Students work in pairs to complete the Think About It problem. As they create their rectangles and multiplication sentences, I let students know that they don't need to display each rectangle twice. What I express to them, without using numbers, is that a 1x24 rectangle is the same as a 24x1 rectangle - I don't want to give away one of the factor pairs! I hold up a piece of paper and let students know that holding it horizontally or vertically doesn't change that it is one rectangle.
The most common student error here will be that students don't organize their work, and therefore forget one or more factor pair.
I have students share out the rectangles that they were able to create, and then ask students to raise a hand if they forgot a factor pair on their lists. I frame this lesson by telling students they'll have the chance to practice their division fluency and learn a way to organize their work that will help them to capture all of the factor pairs for a given number.
Students worked with factors and multiples in 4th grade. This lesson is a review of previously learned materials, and it's designed to set students up for our work finding the greatest common factors of numbers and solving application problems involving GCFs.
The Intro to New Material section in this lesson is a short one. The goal is to get kids using the academic vocabulary that goes along with this lesson, and then also have them work systematically using t-charts to organize their factor pairs. Below are the steps that students will follow.
Steps for Finding Factors of a Number
1) Create a small T-Chart and write the number on top.
2) On the left side of the chart start with the first factor, 1. On the right side of the chart across from the 1, next to the 1 write what number you multiply 1 by to get the original number, which will be that original number.
3) Continuing in numerical order, try each number mentally (or by dividing off to the side), and write each factor pair.
4) Stop when a factor pair repeats itself.
After we go through the process of creating a t-chart for the factor pairs of 36, I guide students through filling in the definitions at the bottom of the page. These terms are not new for students. I want my students to use these terms throughout the lessons in this unit.
Factor – one of two or more whole numbers that are multiplied to get a product.
Factor pair – two whole numbers that are multiplied to get a product.
Divisible – a number is divisible by another number when it can be divided by that number and the remainder is zero.
Relatively prime numbers - two numbers are relatively prime if they have no common factors other than 1.
Prime number – a number with only 2 factors, 1 and itself. Or, a number with one factor pair.
Composite number – a number with more than 2 factors. Or, a number with more than one factor pair.
Over the summer, I planned on removing this lesson from my aims sequence for this year. I was going to jump right in to finding the greatest common factor for a set of numbers.
I had data points that suggested to me, though, that one of my classes could really benefit from having a lesson just focused on factoring numbers and divisibility rules.
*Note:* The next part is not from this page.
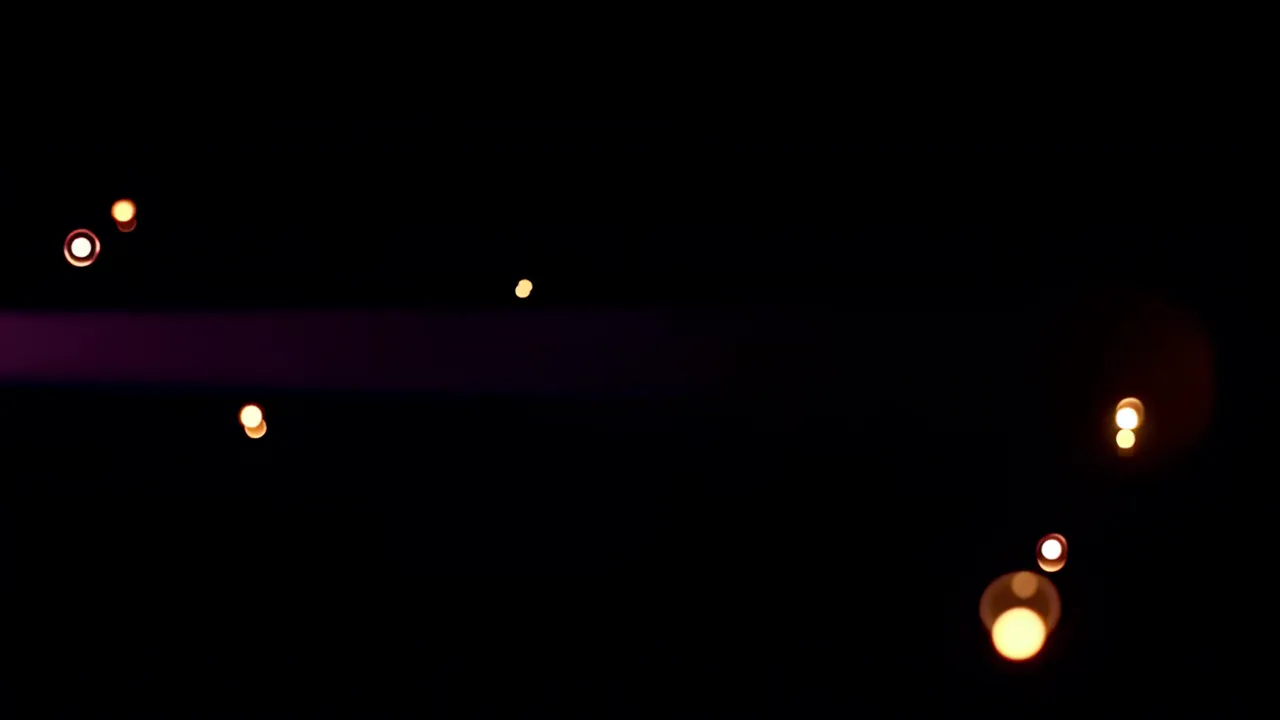 Warm Orange and Gold Bokeh Orbs Drifting in Darkness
I looked at the 5th End-of-Year assessment data for this group that's available to me through my school district. I also had the summer homework that my students turned in 5 days before the start of academic classes (we have 3 days of 'orientation' to the grade where students learn routines and procedures and then a weekend). It became very clear to me that my lower-ability math students are starting off this year quite low. We have heterogeneous classes at my school, but one class has the students with IEPs and the students who are currently going through the RTI process (along with students of all ability levels).
I added this lesson back in for one class, so that all of my students would be better set up for success with the impending lessons on greatest common factors. In addition to giving this class extra practice, it also means that they are currently one lesson behind my other classes. I see this as a great thing - it gives me the opportunity to identify where students are struggling in the lessons in my other classes, and then I can proactively address those challenges with this class as I am teaching the lesson.
Students work in pairs on the Partner Practice problem set. As students work, I circulate around the room and check in with each group. I am looking for:
In the t-chart section, 3 of the 6 problems are prime numbers. This was intentional, as I want students to encounter prime numbers and become fluent in recognizing them. This will be important in our upcoming work, with prime factorization and GCF.
Before students work on the Check for Understanding, I use the partner practice problems to quickly review vocabulary. I display one student's t-charts on the document camera. I ask students which numbers had only 2 factors, and then ask students for the word for numbers that have only 2 factors. I then ask for the term we use for numbers that have more than one factor. Students then complete the CFU questions independently.
Students work on the Independent Practice problem set.
In this problem set, there is less of a reliance on t-charts. Students will get more practice with finding all of the factors of numbers as we work with greatest common factors. Students have the opportunity to justify their responses when answering the 'how do you know' questions.
Problem 16 gives students a preview of the work to come. This problem may be difficult for kids, but it is a good chance to have them build perseverance in problem solving.
After independent work time, we come together as a class to discuss Problem 17. I ask if anyone has come up with what they think is the mystery number. If there are responses, I record them on the write board and then ask students to test each of the responses against the clues with their partners. After 2-3 minutes of work time (depending on the number of responses), I then have students share out their thinking about each possible answer.
If students do not have an answer for Problem 17, then we'll talk about each clue as a class. I'll ask students what each clue tells us, and we'll come up with possible answers ourselves, until we get to 64.
Students then complete the Exit Ticket independently to close the lesson.